I'm sure other people have a similar experience - you have to go all the way to another goddam country to settle down and read a book properly, away from other distractions such as, erm, blogging.
Anyway, read - at last - Ian McEwan's Saturday. Definitely worth reading buuuuuut - there's a couple of problems with it.
Here's some reviews. Most have complimentary things to say; one or two think it was pretty poor.
None of them, though, have made reference to the problems I had with it. Did anyone else think Henry's kids were unrealistically precocious? One, possibly - but two? And at things like poetry and music?

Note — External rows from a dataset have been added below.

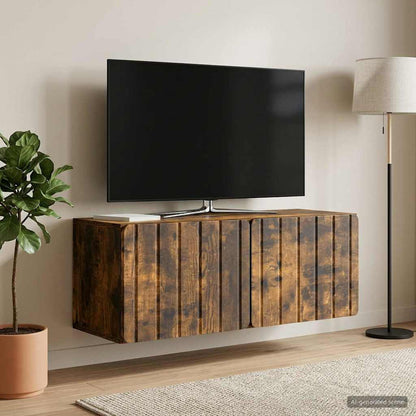 Mobile Porta TV da Muro 78,5 x 31 x 30 cm Rovere Fumo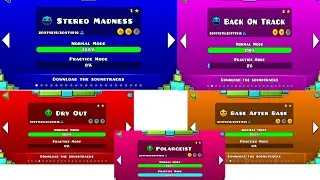 1-5 уровни Geometry Dash на 100%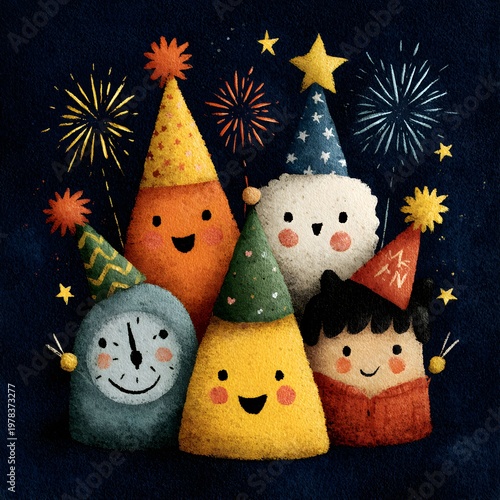 Celebration of the New Year: A vibrant illustration showcases a joyful gathering, featuring cheerful characters adorned with party hats, surrounded by dazzling fireworks and a festive clock. 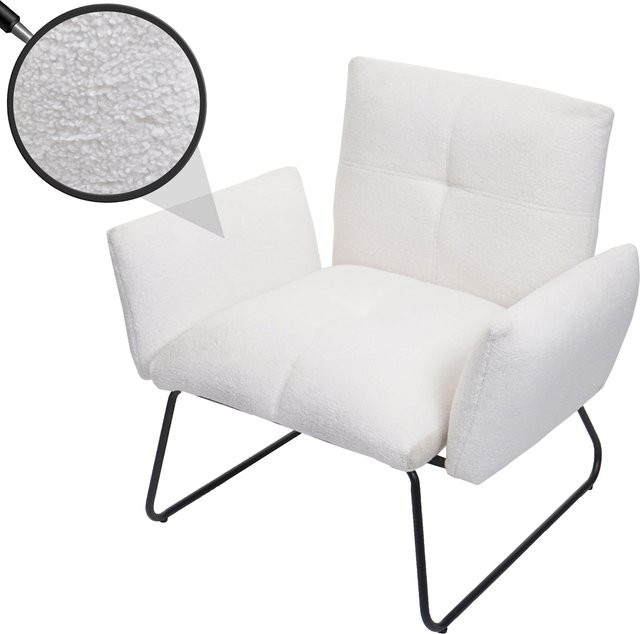 MCW Lounge-Sessel K34 Cocktailsessel aus Bouclé Stoff in Weiß, B/T/H: 79 x 70 x 87 cm - Bild 1
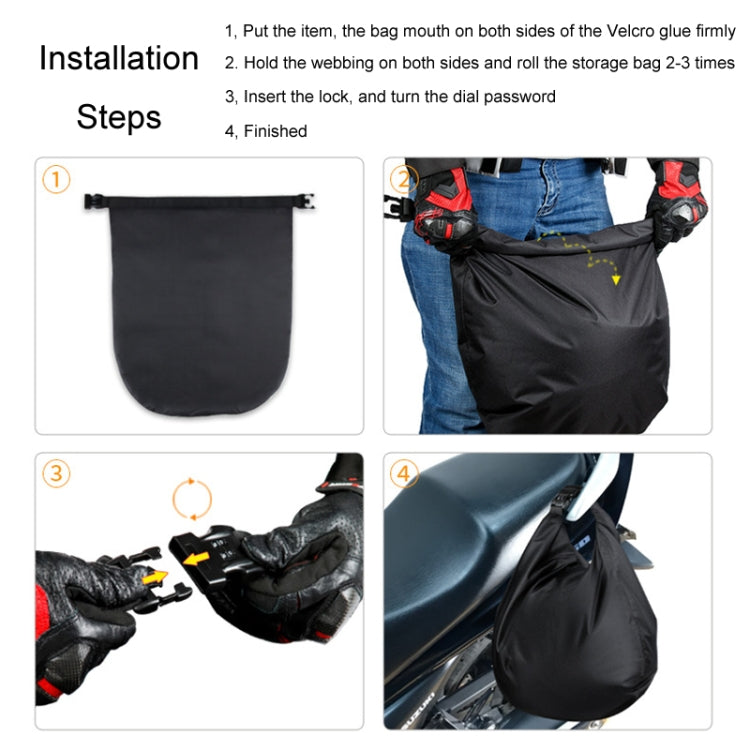 30L Outdoor Riding Motorcycle Helmet Bag Large Capacity Water-resistant Combination Lock Storage Pack(Black)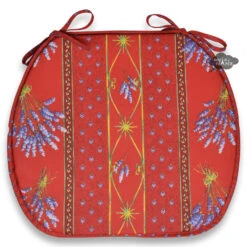 Lavender Red Acrylic-Coated Cotton French Style Chair Pad By Le Cluny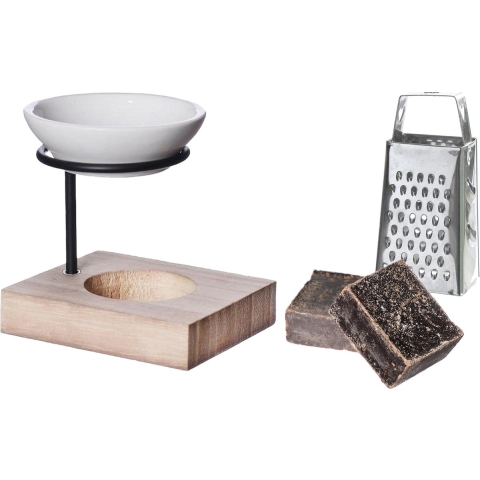 Amberblokjes/geurblokjes cadeauset - musk geur - inclusief geurbrander en mini rasp -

And we're told that Daisy didn't really have an interest in politics until the Iraq war and all of a sudden she's coming out with arguments more sophisticated than you get from the average antiwar activist? Hmmm.
And another thing, what I presume was a simple mistake, was really annoying - which was: what the hell happened to Nigel, eh? Henry and the boy can't rush Baxter because Nigel is there too. Baxter tells Nigel to watch the rest of the family ("they're all dangerous") while he and Henry go up the stairs, only to be tossed down said stairs by Henry and his implausibly-advanced-in-the-blues-playing-department son. That's the last you hear about Nigel, after that his character simply evaporates from the pages. I'm sorry but that's pretty shabby workmanship - unless I missed something? Answers on a postcard please.
Jarhead, on the other hand, is a must-read. Someone described the film to me and it doesn't sound true to the book, really. Book's good.